Results 1 to 8 of 8
  1. #1
    Join Date
    Aug 2003
    Posts
    111

    Unanswered: Query Constructed as a String

    Hi all

    I have the following store procedure that finds duplicates based on 3 conditions, names (there maybe multiple names), initiation_names (something that yoga people uses), and proofs of identity. the procedure will return a refcursor which returns a table of 5 columns, these columns are weighted and which includes id of the duplicate found ,the type of duplicate found as well as a similarity index showing how simiar the duplicates are.

    The procedure works fine. But we wanted more out of the procedure. Whenever a new identity(person) is entered into the database, a name or several names of this person is entered into the database. Our procedure is suppose to find out whether there is already a record of this person in the database, now because of spelling mistakes, these names duplicates may never be found based on names. For example, if the person's name is "james mcdonald" and if it's entered as "james mc donald" or "james mc'donald", the current procedure has no way of telling this because the checking is done as follows

    SELECT ....
    WHERE
    NAMES.FIRST_NAME IN (first_name_in)
    AND NAMES.LAST_NAME IN (last_name_in) ...

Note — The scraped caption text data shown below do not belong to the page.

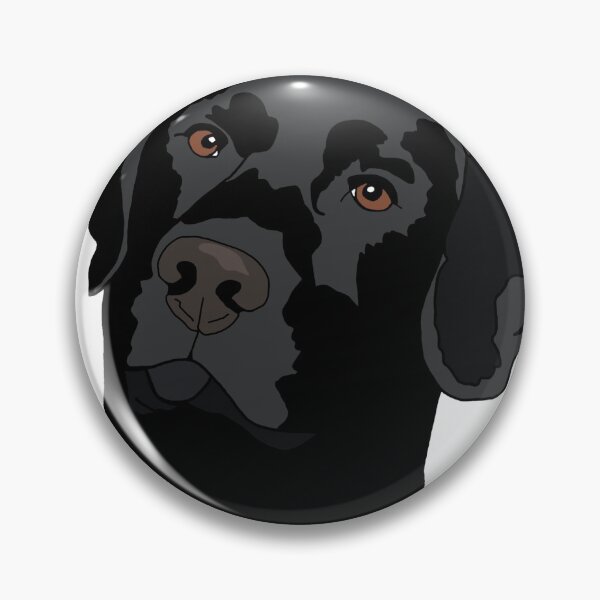 Item preview, Black Lab designed and sold by StickersByMiranda.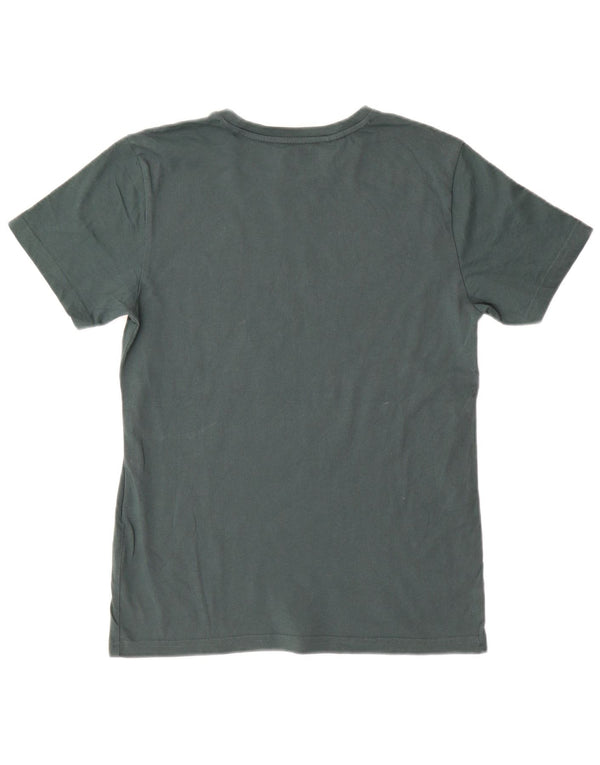 Adidas Jungen Graphic T-Shirt Top 13–14 Jahre, grüne Baumwolle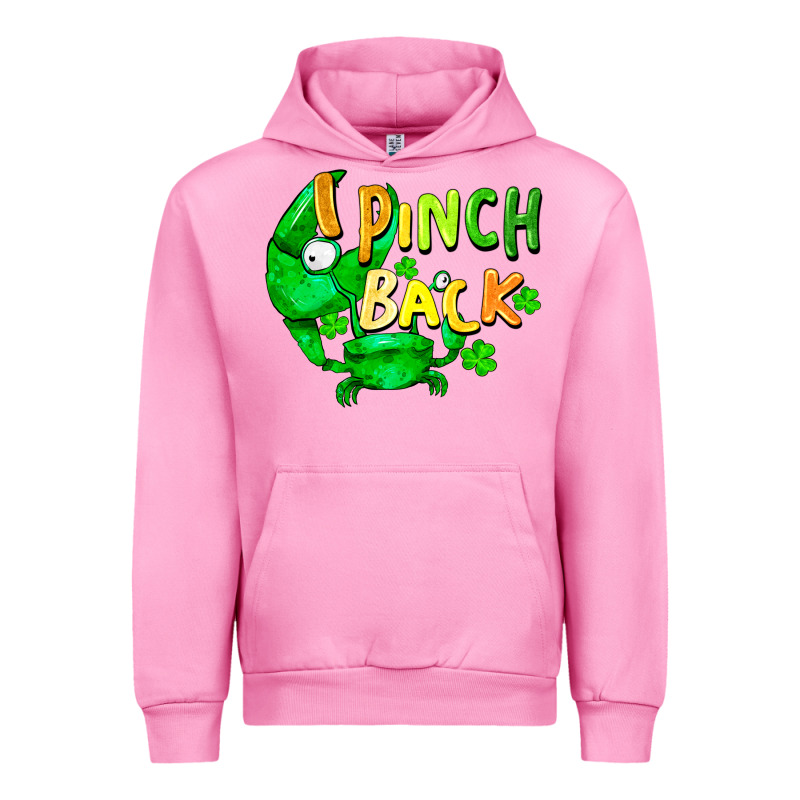 I Pinch Back With Crab St. Patricks Day Urban Hoodie by FaDigitalArtStudio | Teevron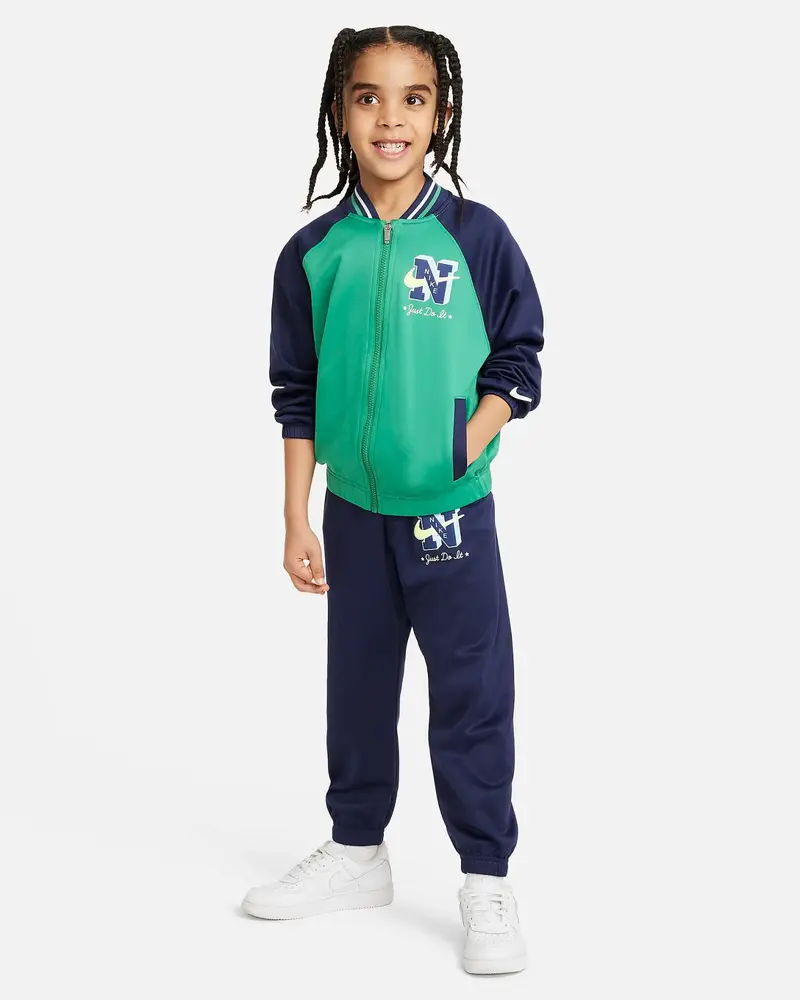 NIKE TUTA NEXT GENERATION TRICOT SET JR 86L769 U90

    There are 2 things worth mentioning, because i am working with a list of names rather than a single name, I had to use "IN", this also means the query needs to be constructed as a string before it is executed using

    open duplicates_out for the_sql_query_string;

    Does any one have any suggestion of how duplicate checking maybe done in such a way that it will be able to find duplicates even if there are minor spelling mistakes. we have tried soundex in oracle but that didn't work too well. The only other simple way that i can think of which doesn't cover spelling mistake in general checks for whether there are extra spaces or single quotes used. what i need to do essentially is to change the following

    SELECT ....
    WHERE
    NAMES.FIRST_NAME IN (first_name_in)
    AND NAMES.LAST_NAME IN (last_name_in) ...

    to something like

    SELECT ....
    WHERE
    replace(replace(NAMES.FIRSTNAME, ''', ''),' ', '') IN (first_name_in)
    AND replace(replace(NAMES.LAST_NAME, ''', ''),' ', '') IN (last_name_in) ...

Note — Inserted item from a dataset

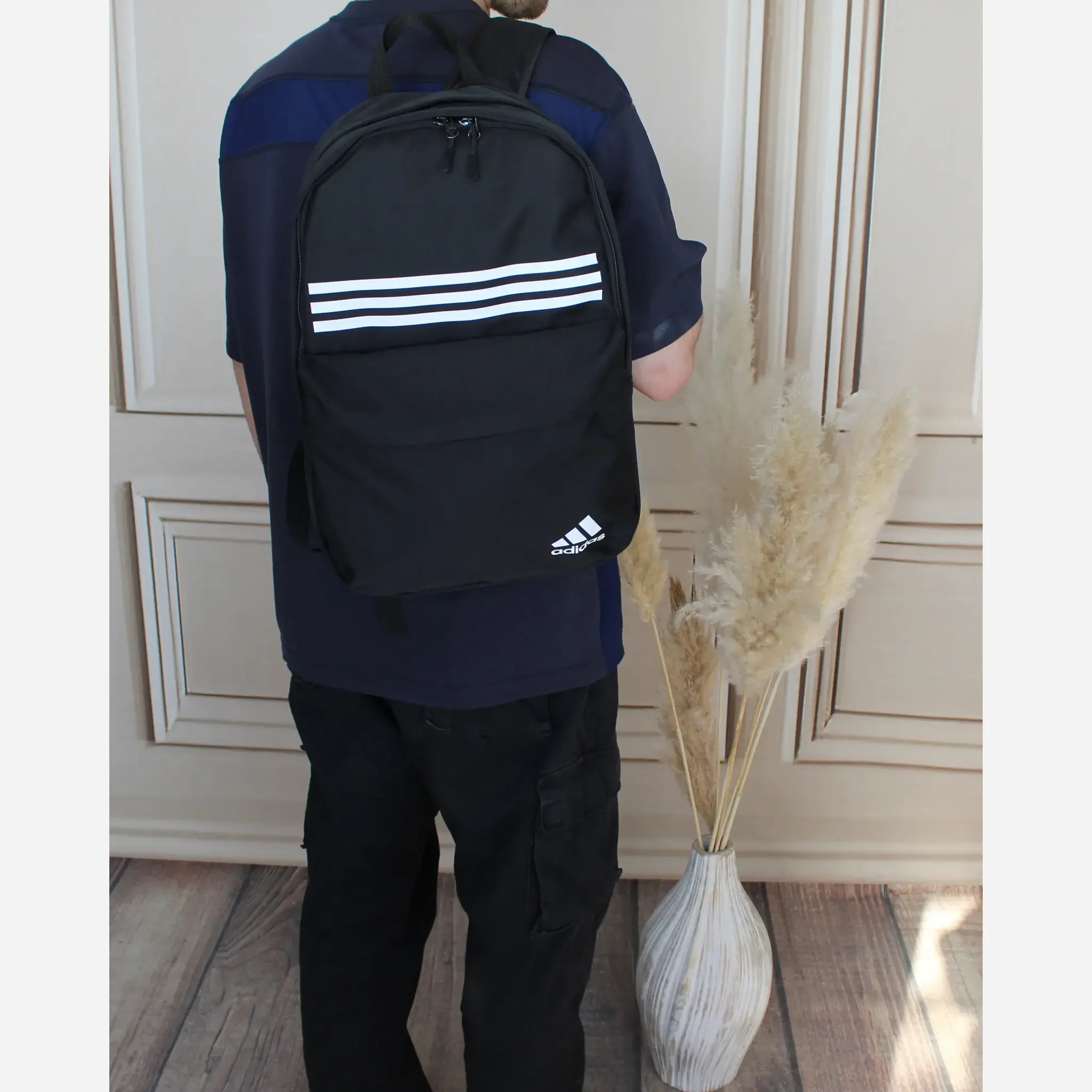 کوله پشتی اسپرت و مدرسه و دانشگاه پارچه ای سایز 43 در 30 سانتیمتر - Image 6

    remember however because my query needs to be constructed as a string, when i have " replace(replace(NAMES.FIRSTNAME, ''', ''),' ', '') " which has single quotes, it breaks the string and the procedure won't compile. So the question is really, how do i construct a string that has single quotes in the string itself.

    Cheers
    James

    If you need to have a look at how i constructed my query string, it's as follows. The following procedure works.

    procedure find_duplicates(first_name_in in varchar2, last_name_in in varchar2, initiation_name_in in varchar2,
    proof_type_id_in in varchar2, proof_number_in in varchar2, duplicates_out out refcursor)
    as
    sqlcommand varchar2(4000);
    begin
    sqlcommand :=
    'select ID, sum (common_name) IsCNDuplicate, sum(initiation_name) IsINDuplicate, sum(proof) IsPRDuplicate,
    sum(common_name) + sum(initiation_name) + sum(proof) SimilarityIdx
    from
    (
    select distinct(IDENTITIES.ID), 1 common_name, 0 initiation_name, 0 proof
    from IDENTITIES, NAMES
    where NAMES.IDENTITIES_ID = IDENTITIES.ID
    AND NAMES.FIRST_NAME IN (' || first_name_in || ')
    AND NAMES.LAST_NAME IN (' || last_name_in || ')
    union
    select distinct(IDENTITIES.ID), 0 common_name, 2 initiation_name, 0 proof
    from IDENTITIES, INITIATIONS
    where INITIATIONS.IDENTITIES_ID = IDENTITIES.ID
    AND INITIATIONS.NAME IN (' || initiation_name_in || ')
    union
    select distinct(IDENTITIES.ID), 0 common_name, 0 initiation_name, 4 proof
    from IDENTITIES, ID_PROOF
    where ID_PROOF.IDENTITIES_ID = IDENTITIES.ID
    AND ID_PROOF.VERIF_NUMBER IN (' || proof_number_in || ')
    AND ID_PROOF.PROOF_TYPE_ID IN (' || proof_type_id_in || ')
    )
    group by ID
    order by SimilarityIdx desc';
    open duplicates_out for sqlcommand;
    end find_duplicates;

  2. #2
    Join Date
    Aug 2003
    Posts
    111
    I found an answer to part of my question

    Q: how to put single quotes into a string in oracle

    A: use 2 consecutive single quotes, e.g. 'abc''efg' will be interpretted as abc'efg


    I still want to know if there is a way to check for spelling mistakes using pl/sql

  3. #3
    Join Date
    Aug 2003
    Posts
    111
    So now i can put single quote in my query string, but when i have the following query, note that i need to replace single quote ' with nothing, so in my replace command,

    i have
    replace(NAMES.FIRST_NAME,'''''')

    which should be interpretted as
    replace(NAMES.FIRST_NAME,''')

    but it doesn't seem to be working and is returning me an missing parenthesis error.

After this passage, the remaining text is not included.